Impact of Speaker Embedding: Speaker embedding can distinguish the input features from different speakers. Existing research has shown that incorporating speaker information can enhance the accuracy of emotion recognition tasks (Hu et al., 2021a). The exclusion of speaker embedding (”w/o SE” in Table 3) results in a decrease in accuracy, with a degradation of 1.11% and 0.81% observed on IEMOCAP and MELD datasets, respectively. These findings indicate that incorporating person modeling can enhance the model’s performance in the MERC domain.

Impact of VHGAE and Contrastive Learning: We utilize VHGAE for dynamic hyperedge selection to minimize redundancy and employ contrastive learning to mitigate random errors. In Table 3, ”w/o GCL” indicates the direct fusion of two hypergraph convolutions without the inclusion of VHGAE and contrastive learning module. The results demonstrate the effectiveness of our proposed HAUCL: It can improve the accuracy performance by 0.78% and 0.43% on IEMOCAP and MELD datasets respectively.

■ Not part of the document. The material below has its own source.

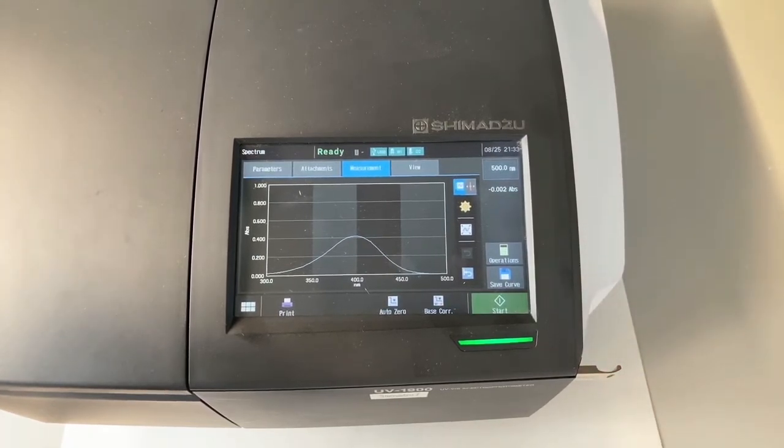So that's how you use the UV machine with the inbuilt display, and this is everything about using the UV machine.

Impact of Contrastive Learning: ”w/o CL” in Table 3 refers to the model that incorporates hypergraph and VHGAE without the integration of contrastive learning. The experimental results indicate a 0.98% enhancement in accuracy on IEMOCAP dataset and a 0.58% improvement on MELD dataset. These results verify that the contrastive learning module effectively controls the random fluctuations of VHGAE, enhancing model accuracy while reducing information redundancy.

In order to demonstrate the discriminability of nodes, we present the node representations acquired through our proposed method HAUCL and the M3Net (the second-best method in Table 2) on MELD dataset. To visualize these representations in a more comprehensive manner, we employ t-SNE (Van der Maaten and Hinton, 2008) method for dimensionality reduction, transforming the obtained nodes into three dimensions. Furthermore, we assign distinct colors to indicate the true labels of the nodes. By comparing the two figures in Figure 5, it is evident that the data points depicted in Figure 5 (our method) exhibit greater separation, resulting in a more discriminative segmentation. As aforementioned, the representations derived from the proposed HAUCL exhibit reduced redundancy and enhanced discriminability, thereby enabling the attainment of superior outcomes.

This subsection summarizes the time complexity of hypergraph reconstruction. The hypergraph construction in HAUCL includes variantional encoding and decoding part. Starting with encoder, a hypergraph convolution layer is involved with time complexity $O(Nd^{2}+NdM)$, where $N$ is the number of utterances. $M$ is the number of hyperedges in the initial trivial input graph, and $d$ is the feature dimension. To generate the latent embedding of mean and variance in Equations 6a and 6b, the time complexity is $O(Nd^{2})$. The sampling process can be calculated as $O(N+M)$. In the decoding process, the complexity to compute the incidence matrix is $O(NMd^{2})$. In all, the total computational cost of our framework is $O(NMd^{2})$$\rightarrow$ $O(N^{2}d^{2})$.